Wherever the line that contains "Appartement T3 à" falls, repeat it and the lines after it exactly until the records end, without any pictures.

# Records excerpted from a collection
★ ★ ★
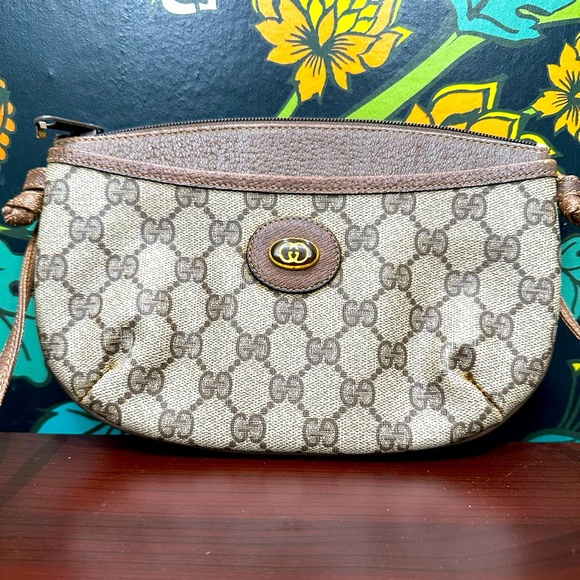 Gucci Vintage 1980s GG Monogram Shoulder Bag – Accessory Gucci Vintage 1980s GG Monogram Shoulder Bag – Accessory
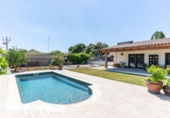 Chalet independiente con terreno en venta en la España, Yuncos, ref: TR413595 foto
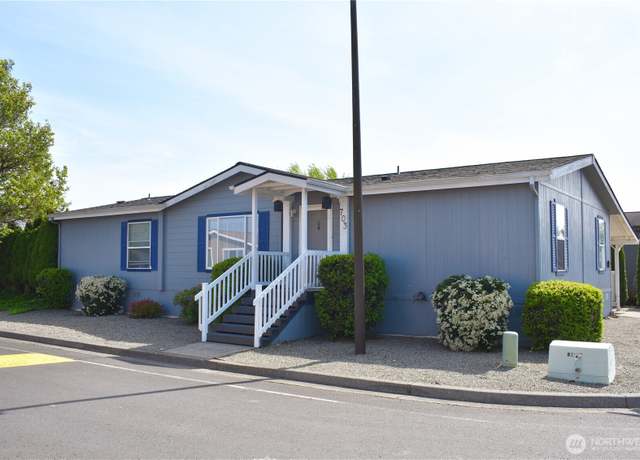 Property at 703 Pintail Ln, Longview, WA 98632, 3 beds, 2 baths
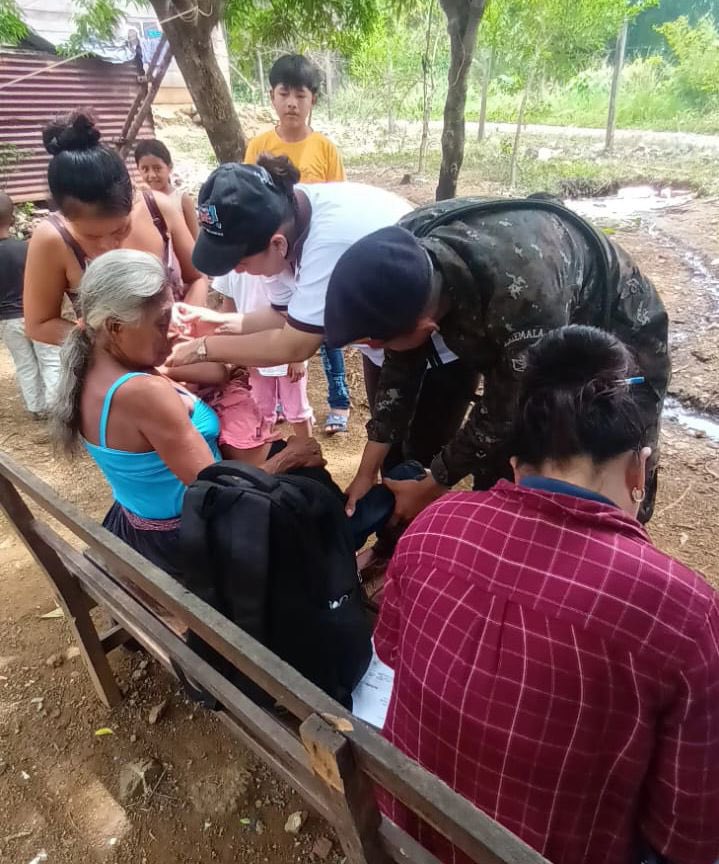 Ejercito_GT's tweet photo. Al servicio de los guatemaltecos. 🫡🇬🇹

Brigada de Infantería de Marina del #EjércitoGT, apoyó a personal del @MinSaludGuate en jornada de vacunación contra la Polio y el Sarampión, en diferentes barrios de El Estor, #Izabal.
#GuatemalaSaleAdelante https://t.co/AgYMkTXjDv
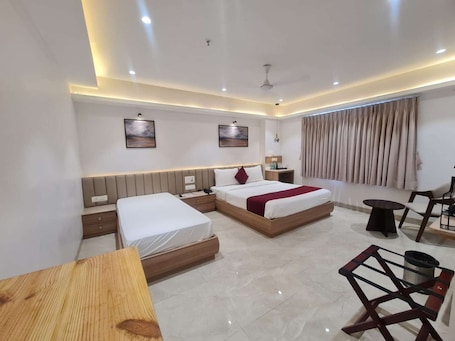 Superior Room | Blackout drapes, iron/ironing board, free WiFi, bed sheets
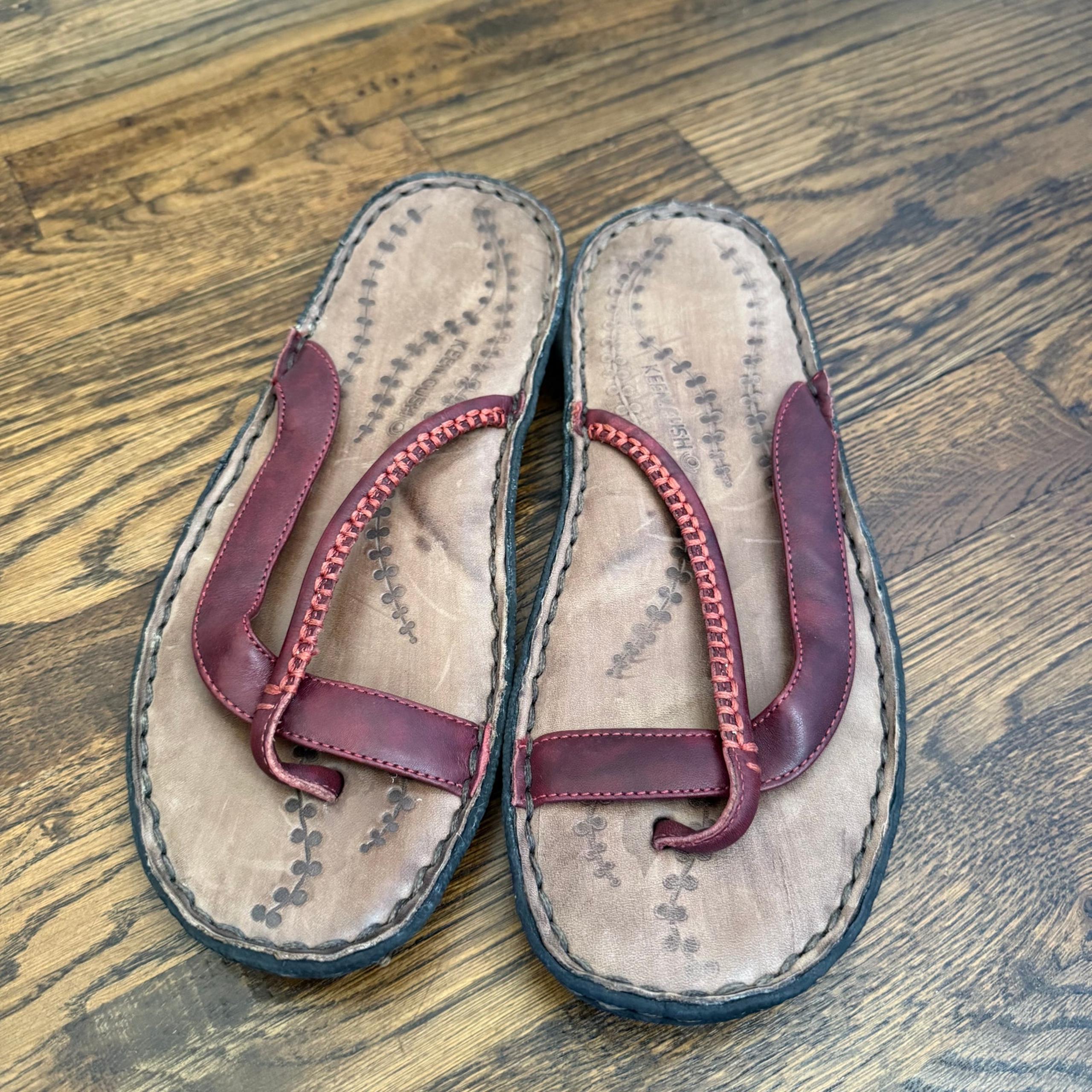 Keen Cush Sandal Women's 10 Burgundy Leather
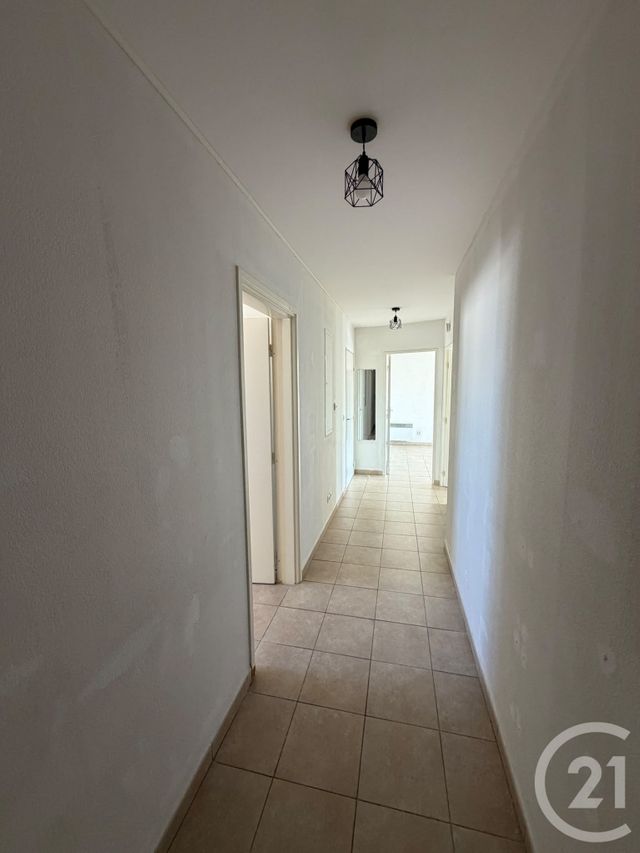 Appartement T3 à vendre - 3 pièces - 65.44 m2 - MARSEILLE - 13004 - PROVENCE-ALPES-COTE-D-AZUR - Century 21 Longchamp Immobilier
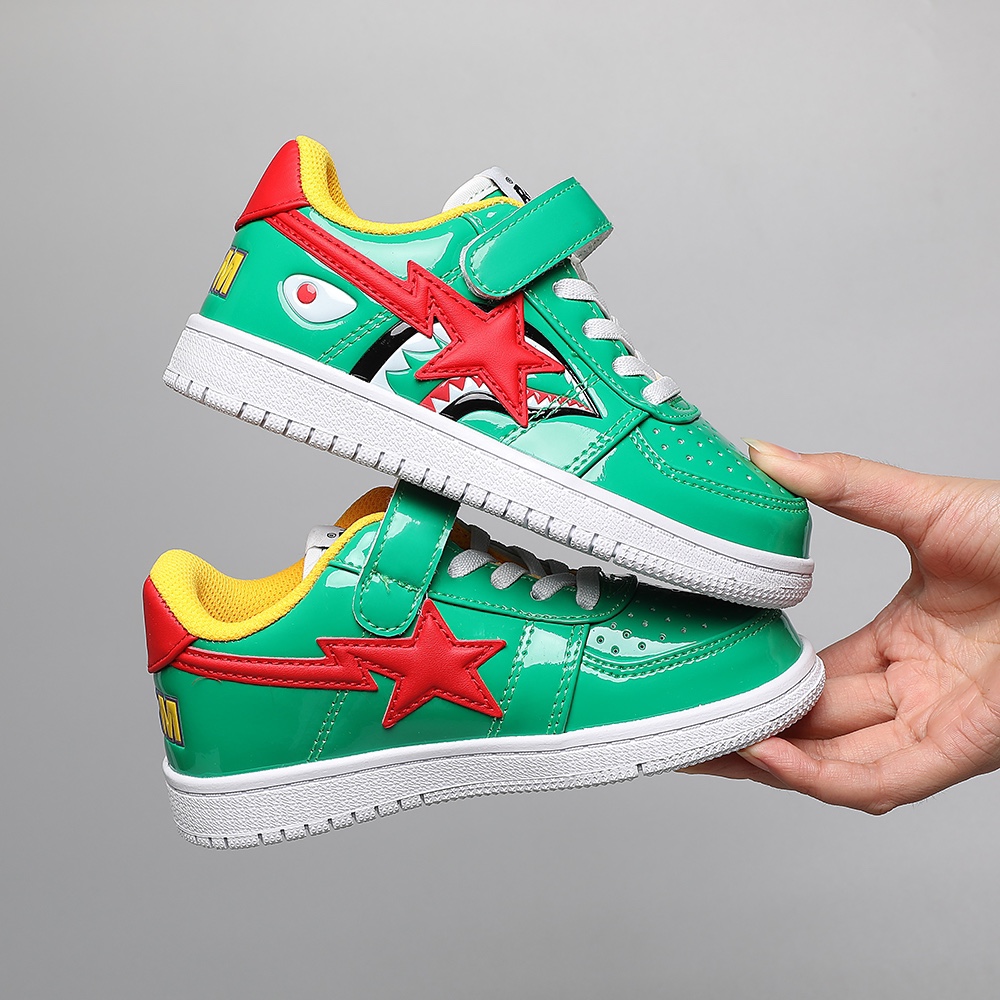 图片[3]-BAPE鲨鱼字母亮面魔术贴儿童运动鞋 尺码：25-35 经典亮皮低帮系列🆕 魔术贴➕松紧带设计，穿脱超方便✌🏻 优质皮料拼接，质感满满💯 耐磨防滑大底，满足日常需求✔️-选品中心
★ ★ ★
# Completed exercise
 Appartement T3 à vendre - 3 pièces - 65.44 m2 - MARSEILLE - 13004 - PROVENCE-ALPES-COTE-D-AZUR - Century 21 Longchamp Immobilier
 图片[3]-BAPE鲨鱼字母亮面魔术贴儿童运动鞋 尺码：25-35 经典亮皮低帮系列🆕 魔术贴➕松紧带设计，穿脱超方便✌🏻 优质皮料拼接，质感满满💯 耐磨防滑大底，满足日常需求✔️-选品中心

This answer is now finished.